I think a man who naturally cares about his appearance, hairstyle, personal style, or a man who has a softer personality should not be targeted and labeled as "niáng pào 娘炮". Moreover, I guess the authorities are more concerned about "niáng pào 娘炮" being the trend (especially the celebrities and young idols) that young people are mimicking rather than a group of men who are naturally this way.

Somewhat different views were expressed by another correspondent, also a young woman:

As for my opinion concerning "娘man结合", I think I'm qualified  to talk about it since I was especially fed up with and even pestered by the explosion of such fashion trends during which many TV series and fashion magazines were collaborating to besiege people to sell an image of "dà nǚrén 大女人", the big woman. It is in fact very different from “niáng pào 娘炮”, another gender ambiguous term, for it stresses the masculinity of women, contrary to the femininity of men. Just think about the success of Celine, a French fashion brand advertising oversized clothes. For instance, formal suits that are normally the choice of established men are recommended for women, like this:

And lots of interpretations about "big women" were born from different perspectives, such as female fashion trend "sexual frigidity" and mix match of different pieces with high heels, a long veil, a leather jacket and an inharmonious choker, such as this one:

Therefore, I don't think 娘man结合 is a term the administration will loathe, for I guess the administration would like those hard working women who could for one thing take care of their families and present themselves as “娘” — feminine wives and loving mothers — who, on the other hand, work hard in offices and fight like men. The interaction between "娘" and "man" could be used to construct an ideal image for both sexes.

Finally, for the definition of “niáng pào 娘炮”, I would very much agree with your image of Korean pop stars. The following images incurred parents' complaints and even forced CCTV to apologize.

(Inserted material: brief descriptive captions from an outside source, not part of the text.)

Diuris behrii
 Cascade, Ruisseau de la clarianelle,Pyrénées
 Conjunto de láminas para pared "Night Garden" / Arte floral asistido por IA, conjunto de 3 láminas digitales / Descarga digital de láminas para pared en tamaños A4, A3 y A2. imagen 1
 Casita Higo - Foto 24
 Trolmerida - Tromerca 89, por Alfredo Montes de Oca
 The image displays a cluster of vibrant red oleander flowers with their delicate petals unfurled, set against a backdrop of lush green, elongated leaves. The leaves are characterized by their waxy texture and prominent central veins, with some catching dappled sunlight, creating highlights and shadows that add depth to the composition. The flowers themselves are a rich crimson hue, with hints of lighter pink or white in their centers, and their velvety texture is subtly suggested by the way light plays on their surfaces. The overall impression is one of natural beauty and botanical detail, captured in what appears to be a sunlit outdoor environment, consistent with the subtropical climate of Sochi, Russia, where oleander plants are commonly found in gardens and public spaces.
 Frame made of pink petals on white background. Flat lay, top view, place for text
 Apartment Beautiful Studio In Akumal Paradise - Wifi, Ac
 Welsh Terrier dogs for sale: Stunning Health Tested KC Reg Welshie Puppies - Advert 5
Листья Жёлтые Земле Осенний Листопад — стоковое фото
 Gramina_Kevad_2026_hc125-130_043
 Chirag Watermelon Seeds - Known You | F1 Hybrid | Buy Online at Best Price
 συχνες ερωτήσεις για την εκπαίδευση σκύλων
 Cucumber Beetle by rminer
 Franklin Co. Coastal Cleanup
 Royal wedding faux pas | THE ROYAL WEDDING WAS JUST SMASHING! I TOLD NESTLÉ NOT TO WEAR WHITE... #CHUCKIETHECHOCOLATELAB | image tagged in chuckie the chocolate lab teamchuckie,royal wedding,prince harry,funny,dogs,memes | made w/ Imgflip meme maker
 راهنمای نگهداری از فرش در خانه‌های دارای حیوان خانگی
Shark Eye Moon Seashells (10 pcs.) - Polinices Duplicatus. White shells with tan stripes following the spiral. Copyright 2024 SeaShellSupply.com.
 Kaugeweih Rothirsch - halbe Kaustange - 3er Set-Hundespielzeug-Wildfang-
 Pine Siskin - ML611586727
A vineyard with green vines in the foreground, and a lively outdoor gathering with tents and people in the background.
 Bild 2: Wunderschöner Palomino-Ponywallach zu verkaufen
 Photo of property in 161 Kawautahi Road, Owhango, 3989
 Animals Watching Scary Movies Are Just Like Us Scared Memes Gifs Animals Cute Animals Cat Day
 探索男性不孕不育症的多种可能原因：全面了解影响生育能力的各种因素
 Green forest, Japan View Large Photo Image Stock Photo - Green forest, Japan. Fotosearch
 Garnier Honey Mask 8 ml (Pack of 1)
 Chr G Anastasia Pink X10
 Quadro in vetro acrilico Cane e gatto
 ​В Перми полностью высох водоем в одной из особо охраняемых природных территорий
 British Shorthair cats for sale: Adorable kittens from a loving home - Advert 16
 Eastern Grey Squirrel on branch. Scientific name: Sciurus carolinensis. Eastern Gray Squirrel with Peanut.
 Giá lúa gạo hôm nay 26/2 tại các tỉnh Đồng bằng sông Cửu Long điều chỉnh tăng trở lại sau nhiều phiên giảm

The image of delicate men is okay, for me, but definitely not a mainstream value. As far as I'm concerned, I agree with those parents who don't want their little kids to be heavily influenced by the fashion trend, since — whether male or female — it's important to be tough and strong. As CCTV, the official media, they should be more careful in their choice of artists, for they are likely to be over-interpreted by the public.  The best solution, I guess, is to cater to the conservative values which underlie most people's lives. It is a very interesting topic to examine the mutual shaping and bidirectional tension between official media and attitudes of the populace.

Final comment from another correspondent:

For "娘Man", a weird thing is that it has gradually become a more or less neuter adjective, but it is a good term when describing women, while when describing men, it becomes a term of opprobrium. It also reflects a gender value disparity that it is ok for women to be masculine but it is bad for men to be feminine.

Worth pondering.

Reading

[Thanks to Grace Wu, Melvin Lee, Sophie Wei, Michael Cannings, Mark Swofford, Jinyi Cai, Zeyao Wu, and Qing Liao]



11 Comments »

  1. David Marjanović said,

    November 5, 2018 @ 10:28 am

    female fashion trend "sexual frigidity"

    …?

    As CCTV, the official media, they should be more careful in their choice of artists, for they are likely to be over-interpreted by the public.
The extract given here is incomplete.